In other words, strategic engagement means intentionally looking for conversations with people (both B2B and B2C) that will add value to your business and create a return on your investment – and it means identifying the best tools to start those conversations.

Our concept for strategic engagement was two-fold:
- Make the content easily accessible to the highest number of relevant people
- Use partners to reach the highest number of relevant people

Make the Content Easily Accessible
Before we produced the content we needed to define how people would access it. With our small budget and desire for wide exposure, social media was chosen as our channel.  Avid social media users ourselves, we knew that targeting the message would be worth the while. And we believed that aiming for quality over quantity would yield the best results and facilitate a feeling of discovery that so appeals to adventure travelers.

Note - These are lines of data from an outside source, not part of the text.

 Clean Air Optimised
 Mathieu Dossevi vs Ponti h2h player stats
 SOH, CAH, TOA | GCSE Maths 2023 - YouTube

We decided to produce a dedicated microsite for the Rough.Real.Remote. journey where the vidoes and blog posts would be posted, but we did not anticipate that people would initially view the content on the website. Rather, we correctly assumed that people would discover the content through social media, and we would place it in front of those people who we thought would be most interested in it. They would visit the microsite when they were searching for more information.

Certainly, you can’t control social channels once your content is released, but you can control how and when it gets put out there, and that makes all the difference.

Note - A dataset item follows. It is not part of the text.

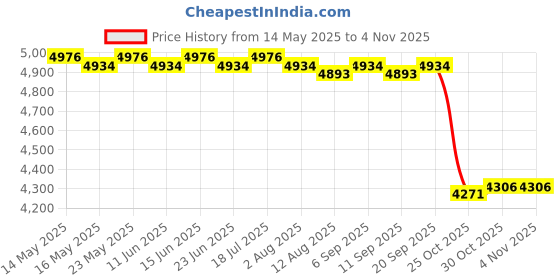 amazon.in CALANDIS™ 2 Pieces Battle Ropes Equipment Spring Bar for Training Muscle Building Black Gloves | Other Strength Training | Strength Training | Fitness Running & Yoga Price History Graph from 14 May 2025 to 30 Oct 2025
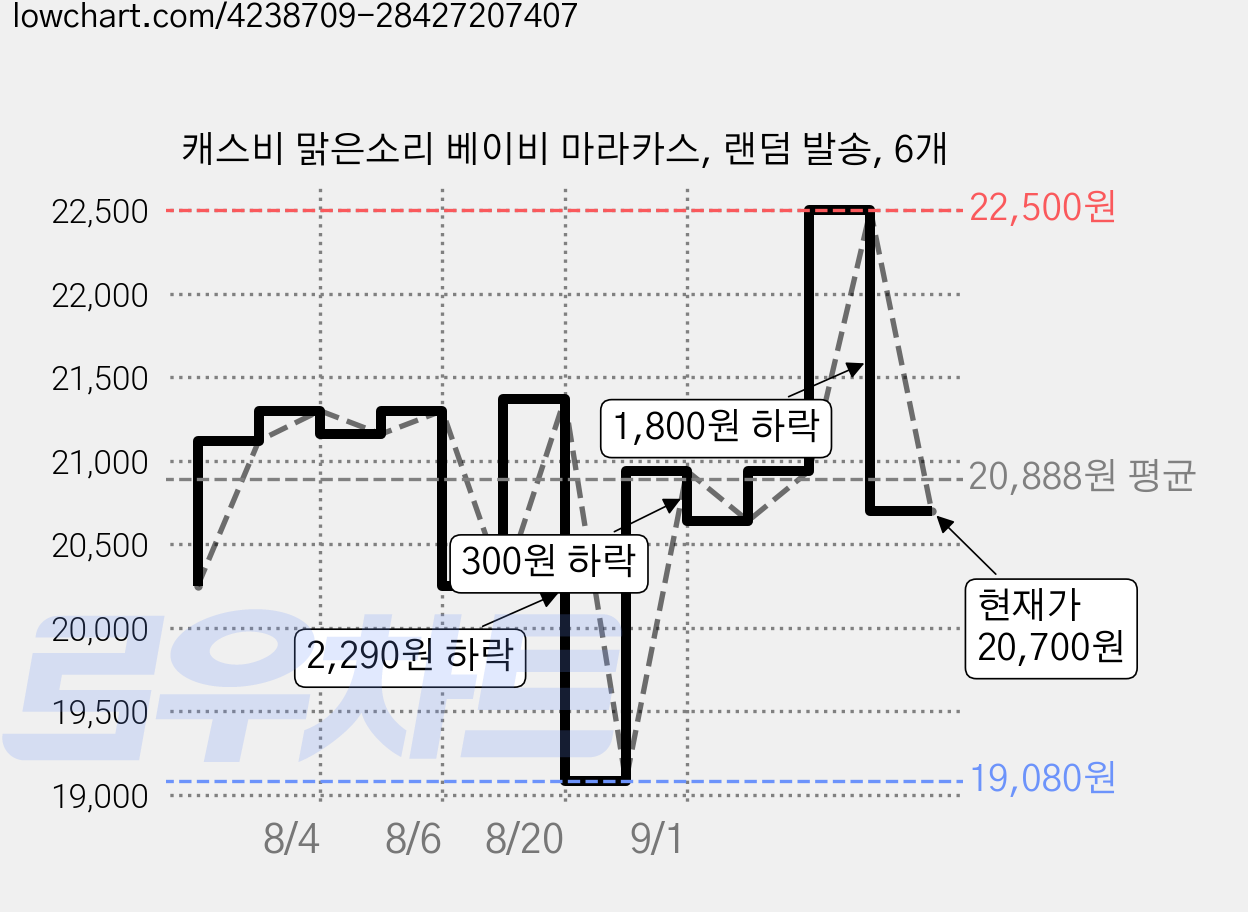 캐스비 맑은소리 베이비 마라카스, 랜덤 발송, 6개 가격 변동 차트, 현재가 20,700원, 관측 최저가 19,080원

Our goal was to have people discover our videos over social media and then turn to the website for more information. We knew that if a person was interested in Greenland, once they viewed one video they would either find the previous episodes or tune in the following week for the next in the series.

After we had determined the shortest path to the content, we engaged our partners.  We had two sets of “partners” – our project partners Air Greenland and Visit Greenland and our ambassadors/influencers.

Project Partners
Our key partners shared our goals and were willing to work with us, and our combined voices took the message further. For example, Air Greenland, has left a link to the final episode, Settlement Songs, on their homepage since the end of the campaign, and as a result of the airline’s reach across the globe people from 70 different countries have clicked onto the landing page for that film.

Our partners also traced the Rough. Real. Remote. journey through their respective Facebook and Twitter feeds. Although the posts on each channel were not identical, they followed the same ideas and themes as outlined in the overarching content plan that we will describe in our next post [in-blog- link].

Therefore, we staggered them over the course of the day (GTE posted first for early morning in Europe, we posted for early morning in Greenland and Air Greenland posted for early morning in North America), and this timezone sensitive scheduling allowed us to reach broader audiences and remain active and engaged with users at different times of the day.

Ambassadors/ Influencers
Secondly, we identified ambassadors and influencers (we will post on this tactic in detail later on) who would be interested in our content.  These ambassadors and influencers were individuals as well as companies who we thought would gain social capital by spreading our message – they were either enthusiasts or supporters of Greenland, or they were innovative, early adopters in the adventure industry.

Bringing it All Together
Along with our partners, we made our content easily accessible to people and companies who were interested in our product. This broad orchestration of engagement helped us target people who considered our content valuable to them, because it was in line with their interests.  These people were more likely to explore our content and therefore help us reach our key goal of raising awareness of the region and inspiring people to one day visit Greenland.

As such the concept of strategic engagement was a matter of using a combination of our brand values and social media goals to set up a plan of action based on our interest in finding and engaging with oncoming traffic that we knew would turn up and show an interest in Greenland once we set in motion down the road we had planned for ourselves.